Querying with user defined functions
User Defined Functions (UDF) in Amazon Athena allow you to create custom functions to process records or groups of records. A UDF accepts parameters, performs work, and then returns a result.
To use a UDF in Athena, you write a USING EXTERNAL FUNCTION
clause before a
SELECT
statement in a SQL query. The SELECT
statement
references the UDF and defines the variables that are passed to the UDF when the query runs.
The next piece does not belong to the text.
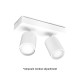 Applique orientable 2 spots blanche GU10 x2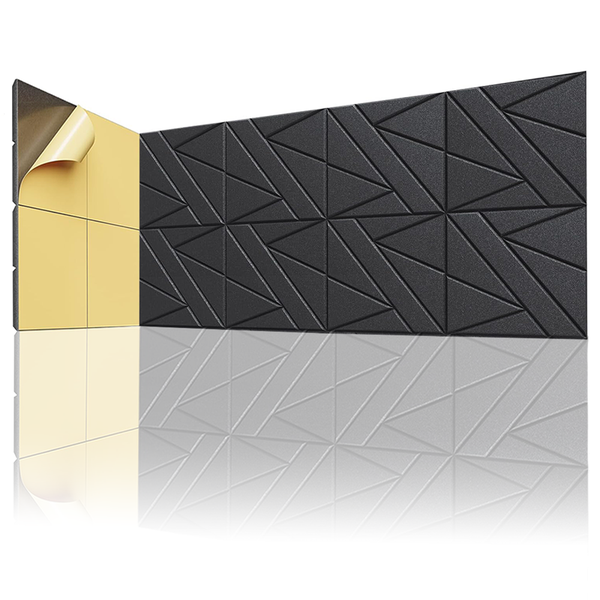 Acoustic Panels with Self-Adhesive, Sound Proof Foam Wall Panels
The SQL query invokes a Lambda function using the Java runtime when it calls the UDF. UDFs
are defined within the Lambda function as methods in a Java deployment package. Multiple UDFs
can be defined in the same Java deployment package for a Lambda function. You also specify
the name of the Lambda function in the USING EXTERNAL FUNCTION
clause.
You have two options for deploying a Lambda function for Athena UDFs. You can deploy the function directly using Lambda, or you can use the AWS Serverless Application Repository. To find existing Lambda functions for UDFs, you can search the public AWS Serverless Application Repository or your private repository and then deploy to Lambda. You can also create or modify Java source code, package it into a JAR file, and deploy it using Lambda or the AWS Serverless Application Repository. For example Java source code and packages to get you started, see Creating and deploying a UDF using Lambda. For more information about Lambda, see AWS Lambda Developer Guide. For more information about AWS Serverless Application Repository, see the AWS Serverless Application Repository Developer Guide.
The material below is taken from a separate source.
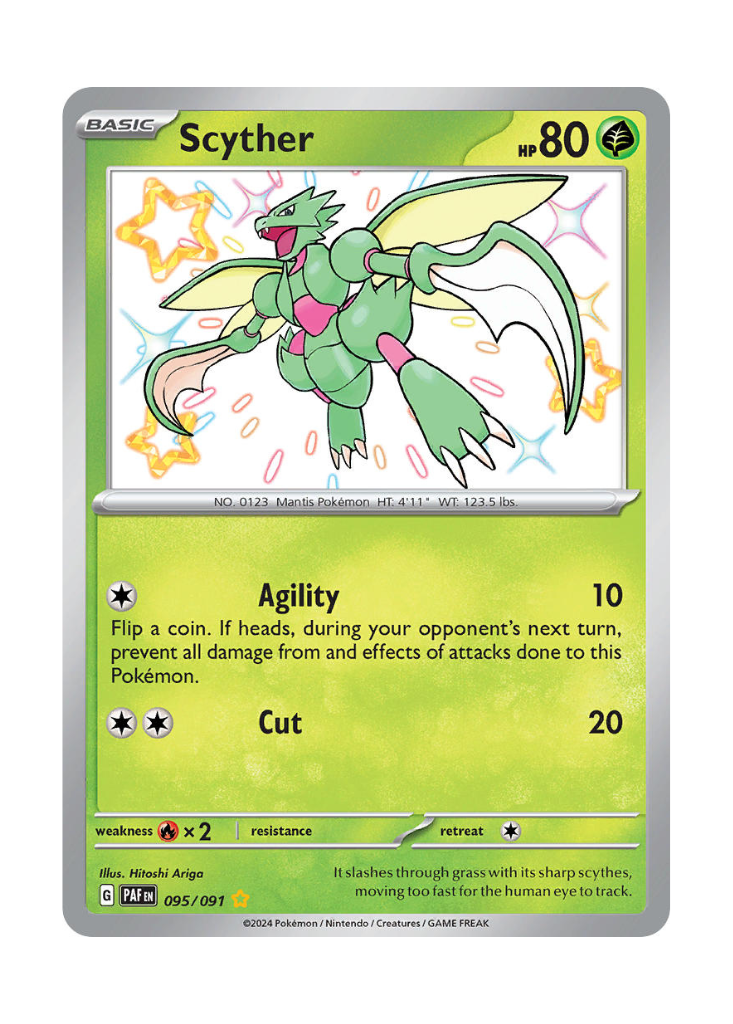 Paldean Fates: Scyther Shiny Rare - 095/091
For an example that uses UDFs with Athena to translate and analyze
text, see the AWS Machine Learning Blog article Translate and analyze text using SQL functions with Amazon Athena, Amazon Translate, and
Amazon Comprehend
For an example of using UDFs to extend geospatial queries in Amazon Athena, see Extend geospatial queries in Amazon Athena with UDFs and AWS Lambda
Considerations and limitations
-
Built-in Athena functions – Built-in functions in Athena are designed to be highly performant. We recommend that you use built-in functions over UDFs when possible. For more information about built-in functions, see Functions in Amazon Athena.
-
Scalar UDFs only – Athena only supports scalar UDFs, which process one row at a time and return a single column value. Athena passes a batch of rows, potentially in parallel, to the UDF each time it invokes Lambda. When designing UDFs and queries, be mindful of the potential impact to network traffic of this processing.
-
UDF handler functions use abbreviated format – Use abbreviated format (not full format), for your UDF functions (for example,
package.Class
instead ofpackage.Class::method
). -
UDF methods must be lowercase – UDF methods must be in lowercase; camel case is not permitted.
-
UDF methods require parameters – UDF methods must have at least one input parameter. Attempting to invoke a UDF defined without input parameters causes a runtime exception. UDFs are meant to perform functions against data records, but a UDF without arguments takes in no data, so an exception occurs.
-
Java runtime support – Currently, Athena UDFs support the Java 8 and Java 11 runtimes for Lambda. For more information, see Building Lambda functions with Java in the AWS Lambda Developer Guide.
-
IAM permissions – To run and create UDF query statements in Athena, the IAM principal running the query must be allowed to perform actions in addition to Athena functions. For more information, see Example IAM permissions policies to allow Amazon Athena User Defined Functions (UDF).
-
Lambda quotas – Lambda quotas apply to UDFs. For more information, see Lambda quotas in the AWS Lambda Developer Guide.
-
Row-level filtering – Lake Formation row-level filtering is not supported for UDFs.
-
Views – You cannot use views with UDFs.
-
Known issues – For the most up-to-date list of known issues, see Limitations and issues
in the awslabs/aws-athena-query-federation section of GitHub.
Videos
Watch the following videos to learn more about using UDFs in Athena.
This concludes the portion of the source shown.